WHAT YOU WILL DO:
Scan the records below for the line with "Exterior - Beachfront" and the line with "Detached for sale", and retype that range exactly, both ends included, pictures excepted.
RECORDS: Begin
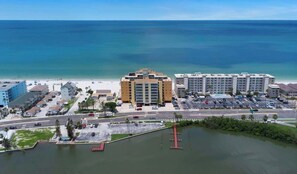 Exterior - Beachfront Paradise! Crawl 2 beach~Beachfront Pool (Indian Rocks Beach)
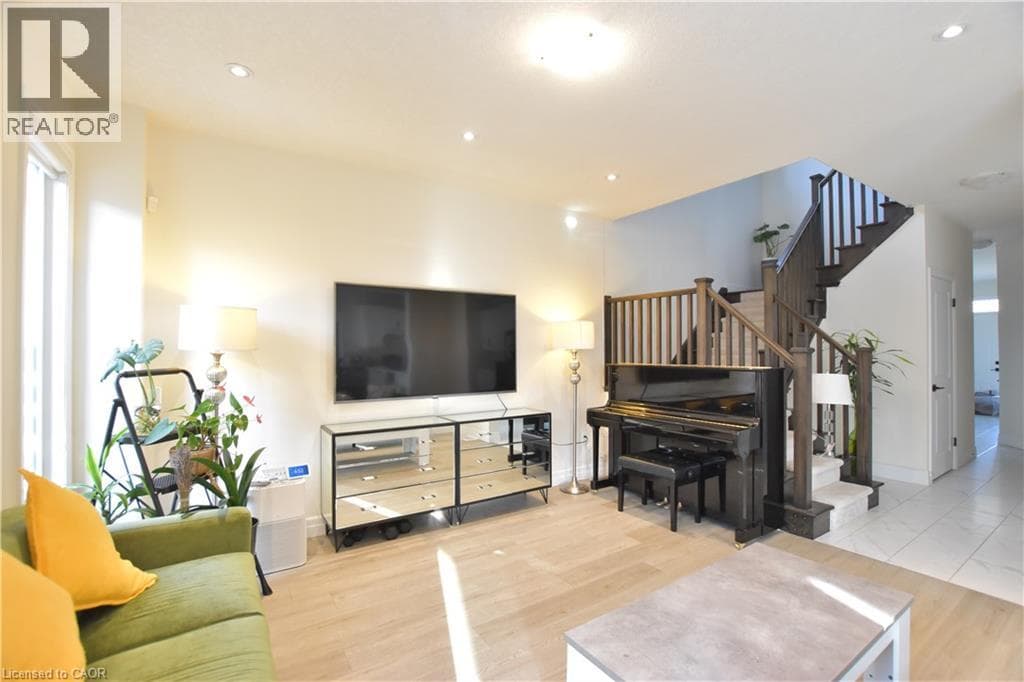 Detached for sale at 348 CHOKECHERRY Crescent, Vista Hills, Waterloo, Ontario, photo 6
RECORDS: End
RECORDS: Begin
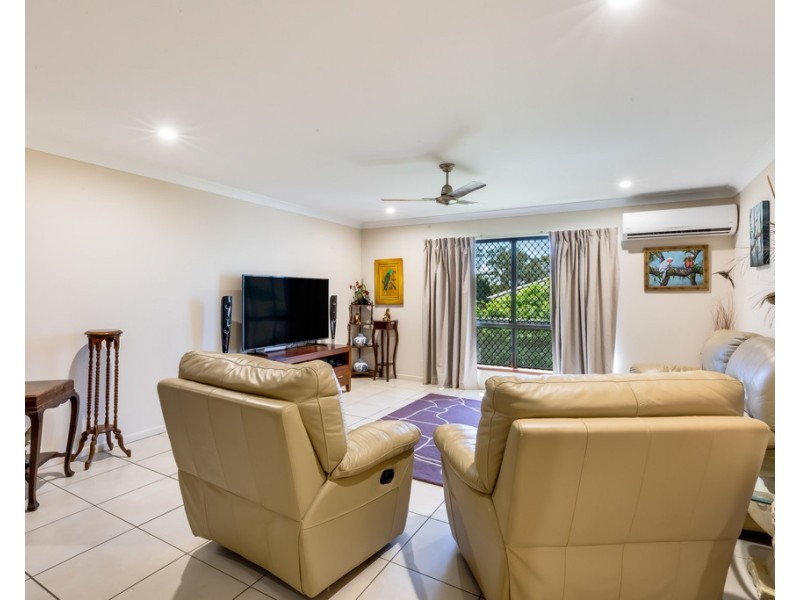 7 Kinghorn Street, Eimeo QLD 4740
RECORDS: End
RESULT OF THE EXERCISE:
 Exterior - Beachfront Paradise! Crawl 2 beach~Beachfront Pool (Indian Rocks Beach)
 Detached for sale at 348 CHOKECHERRY Crescent, Vista Hills, Waterloo, Ontario, photo 6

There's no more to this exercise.